J’ai souvenance d’un prof avec une tolérance d’engagement. On lui donnait trois semaines. il a fait un mois. Les élèves en ont souffert, les collègues qui tentaient de l’aider aussi. Mais en ces périodes de pénurie d’enseignants et de suppléants, on embauche n’importe qui.
Je questionne le jugement de la personne qui a affecté ce suppléant-là à cette tâche-là. Je questionne aussi le jugement du suppléant qui a accepté d’aller se mettre là-dedans. C’est comme envoyer quelqu’un qui fume s’installer sur une bombonne de propane ouverte en lui disant qu’il n’y a pas de danger parce qu’il vente…et que le fumeur le croit…

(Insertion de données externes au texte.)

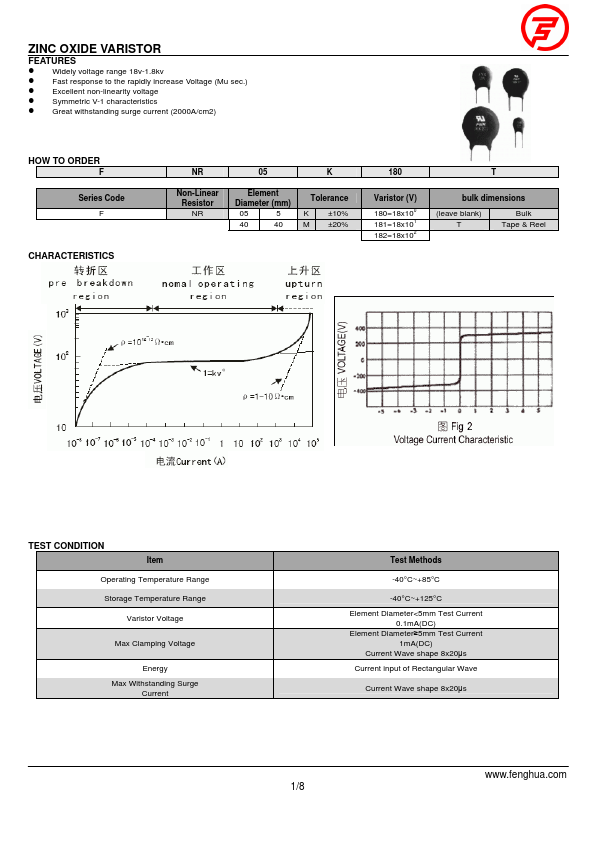 FNR-20K151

Pour le reste, il y a bien des choses à considérer. Oui, il y actuellement une pénurie d’enseignants dans certaines disciplines et c’est encore plus vrai en dehors des grands centres. C’est dû à quoi ? La profession attire moins, pour toutes sortes de raisons. Mais je dirais qu’elle attire beaucoup moins, par exemple, ceux et celles qui auraient pu avoir un intérêt pour l’enseignement des maths et des sciences, parce que quand on a ce qu’il faut pour étudier là-dedans, on a aussi les moyens de choisir des domaines plus payants et plus socialement valorisés que l’enseignement. Pour attirer les meilleurs en éducation, l’appel des vocations fait difficilement le poids.

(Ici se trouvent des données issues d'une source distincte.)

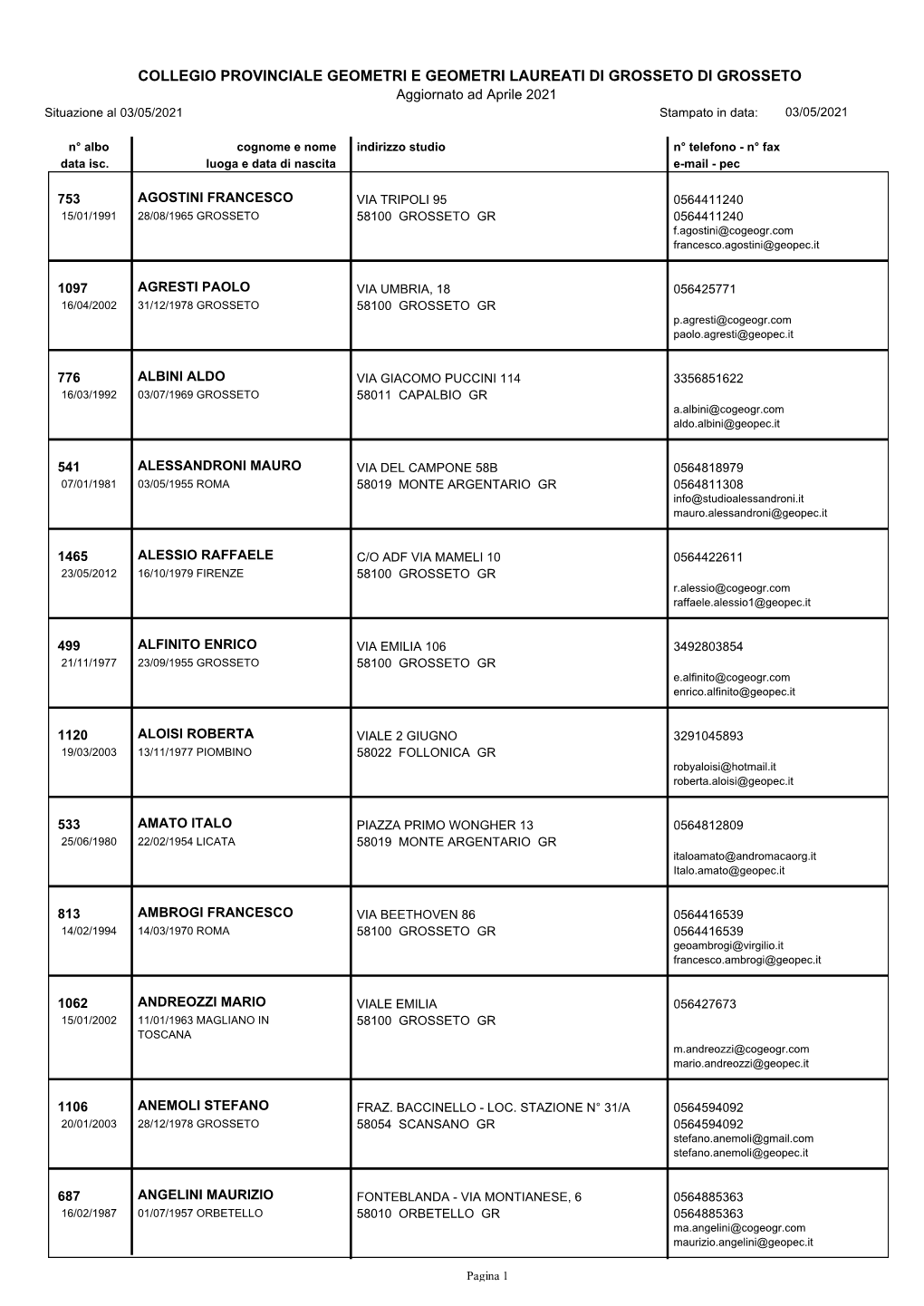 Aggiornamento Aprile 2021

Il y aussi un fait dont on parle peu pour expliquer une certaine pénurie: les congés sans traitement, à traitement différé, à temps plein ou partiel, à temps partagé, les congés parentaux et tous les autres. Actuellement, pour parler de la région d’où je viens, on doit prévoir l’embauche de 1,4 enseignant pour chaque poste d’enseignant réellement disponible. En bref, si j’ai suffisamment d’élèves pour générer l’embauche de 10 profs, j’aurai besoin d’en engager 14 pour être capable d’offrir le service à tous ces élèves. Ça, ça met de la pression sur le recrutement.

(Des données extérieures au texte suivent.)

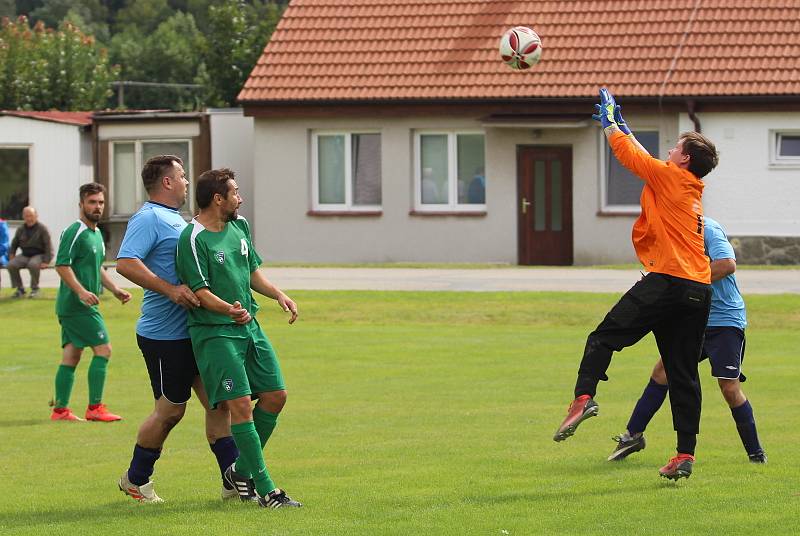 III. třída Strakonicka: Poříčí B - Hoslovice 2:1.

Pour favoriser l’entrée dans la profession d’un plus grand nombre d’enseignants, je crois qu’il faudrait rogner le monopole des universités en reconnaissant et en créditant la formation que nous donnons nous-mêmes dans nos établissements. Soyons réalistes: dans les départements d’éducation des universités, la formation au premier cycle est surtout donnée par des chargés de cours. Et qui sont ces chargés de cours ? Bien souvent nos propres enseignants ou conseillers pédagogiques, en fonction, en prêt de service ou retraités. Ce ne serait que reconnaître la réalité. Or, de la formation créditée, en cours d’emploi, c’est un facteur attractif important, surtout pour ceux et celles qui ont une formation disciplinaire, sans formation en pédagogie ou en didactique.
On pourrait aussi penser à des bonis de signature ou s’entendre avec les municipalités pour des rabais de taxes, trouver un emploi au conjoint, etc. Il existe des moyens.
Je termine.
Moi, M. Papineau, j’ai souvenance de quelques stagiaires de 4e année que des maîtres associés n’ont pas eu le courage d’évaluer correctement. Ils se sont retrouvés chez nous,légalement qualifiés, et on leur a aussi donné trois semaines… Même chose pour ceux et celles qui tombent dans la craque et qui se retrouvent avec des permanences parce que personne n’a fait le travail qu’il aurait dû faire. À plusieurs de ceux-là aussi on donnerait trois semaines, mais il y en a qui durent 15 ans, de congé d’invalidité, en congé d’invalidité, entre deux « traitement différé », d’une école à l’autre, ceux qu’on appelle les patates chaudes.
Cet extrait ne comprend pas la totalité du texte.